Taekwondo a family affair

GLEN DAWKINS -- Winnipeg Sun

, Last Updated: 7:25 AM ET

When Jae Park headed off to Korea for the world taekwondo festival earlier this month, he was pretty confident about his chances for success.

When you can jump almost 10 feet in the air and break a wooden board with your foot, you have reason to be confident.

But for his students to do as well as they did was an unexpected bonus.

"I was hoping to win and almost expecting to win," said the 37-year-old Tae Ryong Park Academy master instructor who finished first in the master men's high jumping kick breaking division at the 15th World Taekwondo Hanmadang in Muju, Korea, just outside of Seoul. "So in terms of individual competition, there was a lot of expectation for us to do well. But in the team competition, we surpassed what our expectations were."

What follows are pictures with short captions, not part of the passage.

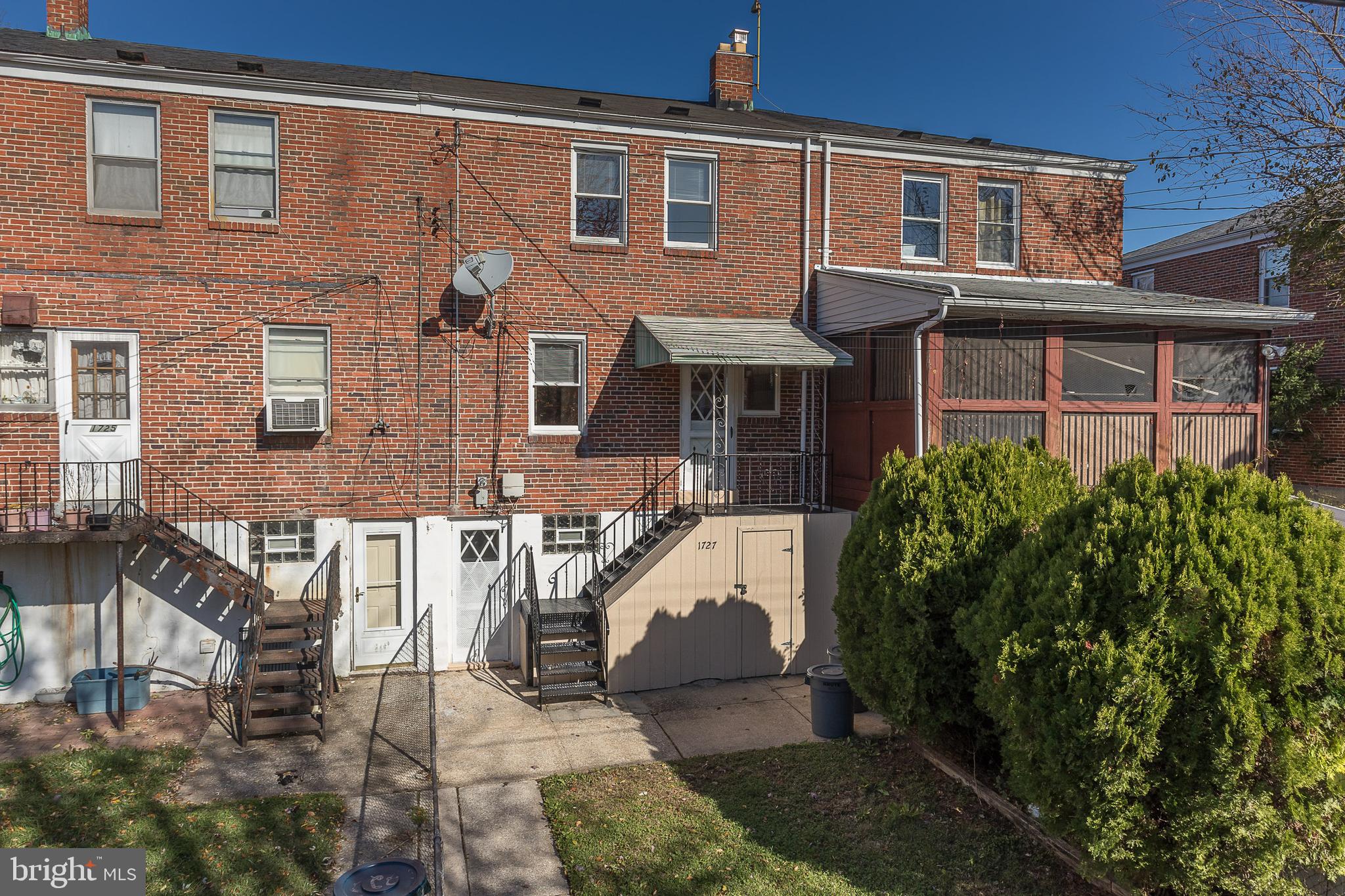 1727 Red Oak Road Baltimore, MD 21234 - Photo 31 of 32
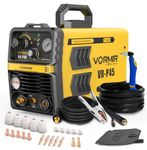 IBELL VORMIR VRP45 45A ARC Air Plasma Cutter 295V IGBT Inverter Metal Plasma Cutting Machine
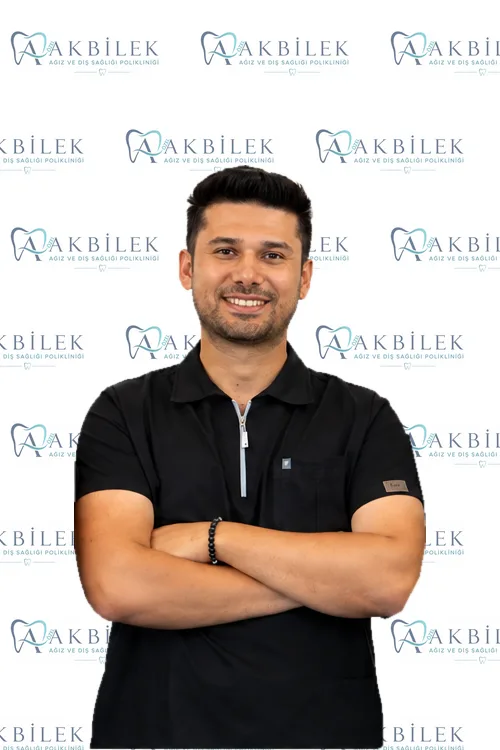 Bilal Can Doğan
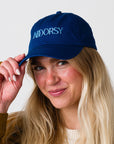 Indoorsy Baseball Hat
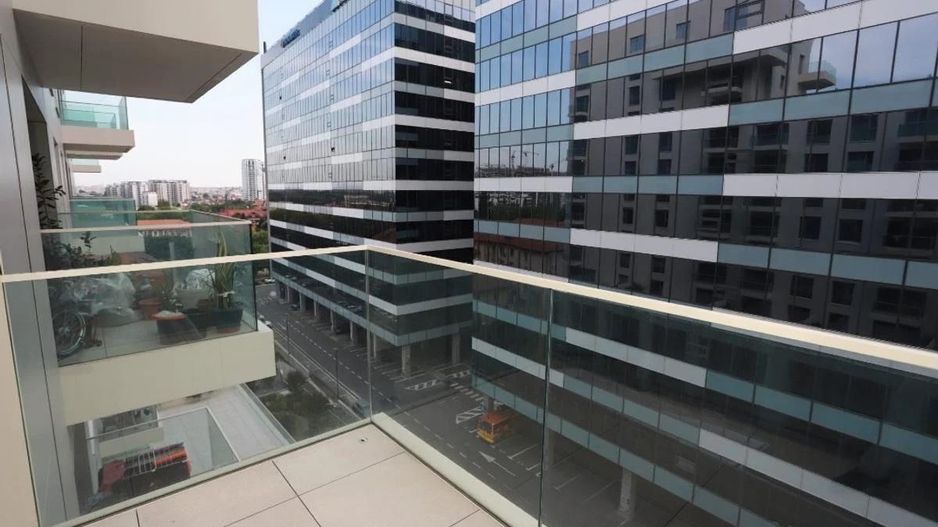 Apartament 2 camere I Aviatiei I Promenada Mall - Poză 12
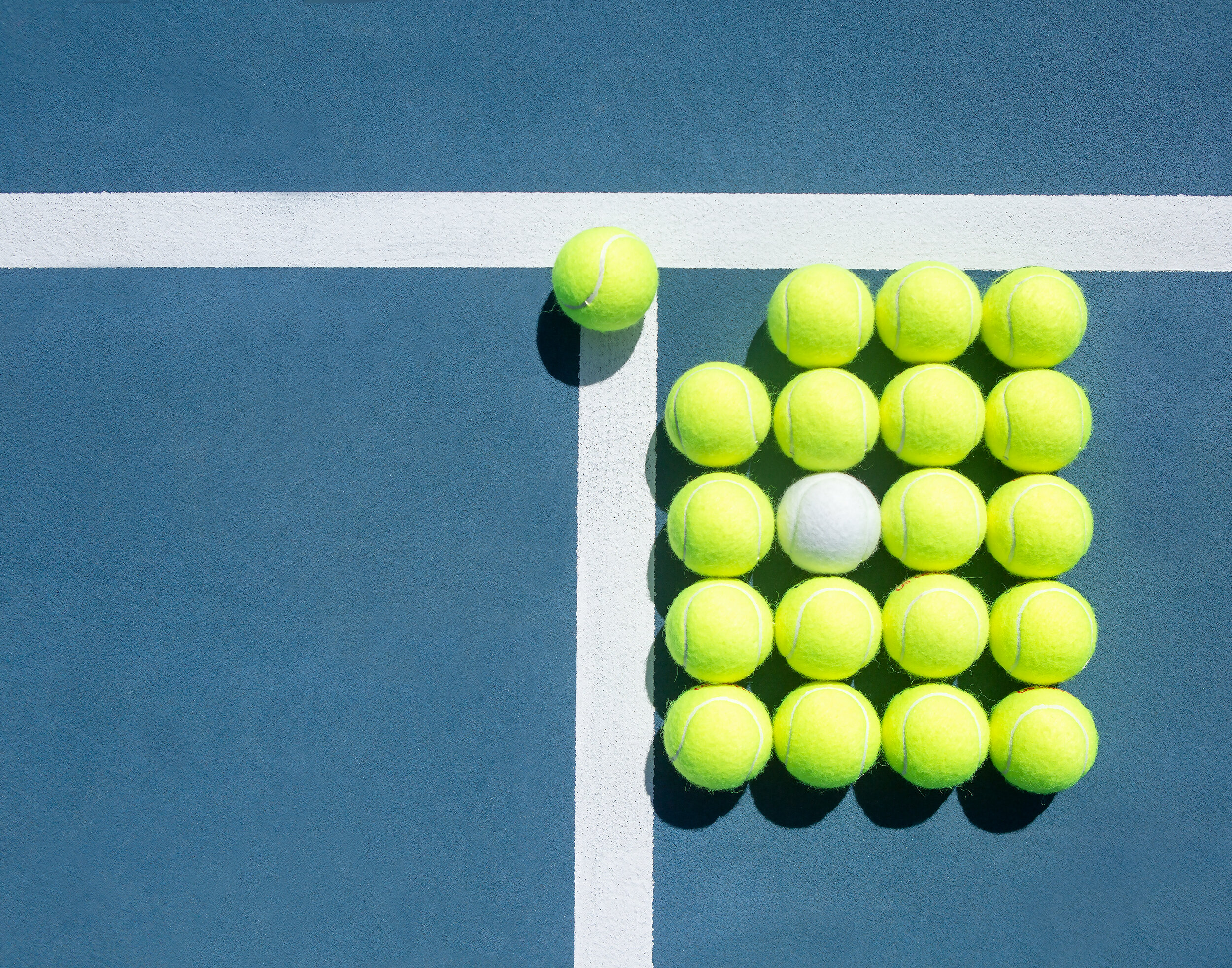 Game, Set and Match Collection — SJ Johnson Photography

Sixteen-year-old student Derek Graham finished second in the youth men's (14-18 years old) high jumping kick breaking division while the academy's nine-member team placed eighth overall in the team event. It was the highest result for a non-Korean team, according to Park.

"From an instructor's point of view, I like to do well but at this particular point I want my students to have the experience and do well," said Park. "For them to perform at (this) level with no international experience is just phenomenal."

Held in the birthplace of taekwondo, the world festival attracted 3,400 competitors from over 60 countries including Korean university teams.

"It was a surprise (finishing second)," said Graham, a Grade 11 student at Fort Richmond Collegiate who has been in taekwondo for eight years. "I was just going there to gain experience and I ended up being second."

The team was almost a family affair. Park was joined on the squad by his wife Andrea Zanetel-Park and seven-year-old daughter Skylar, 13-year-old nephew Andrew Leitold and nine-year-old niece Samantha Leitold. Rounding out the team was Graham and fellow students 21-year-old Tyler Rempel, nineteen-year-old Steven Rivest and sixteen-year-old Elizabeth Derraugh.

"They're like my kids," said Park of his students. "They're definitely family."

In high jumping competitions, the board is set at a certain height and the competitors attempt to break it. Those who succeed move on to the next height until there is only one competitor left.

Graham ended up tied with the eventual winner in his division when they both missed their kicks. But instead of the usual tie-breaking formula of giving it to Graham as the shorter competitor, the pair were allowed to continue kicking with the winner breaking the board while Graham did not.

"The other guy did break the height that I didn't," said Graham, whose final attempt was 2.75 metres or just over nine feet. "He ended up being able to jump higher anyway. I'm not as disappointed. It's not like we both missed."

"He takes it all in stride," said Park. "He's a true competitor. His attitude was, 'The rules say one thing but my opponent broke it and I didn't so he won.' That's a great attitude to have."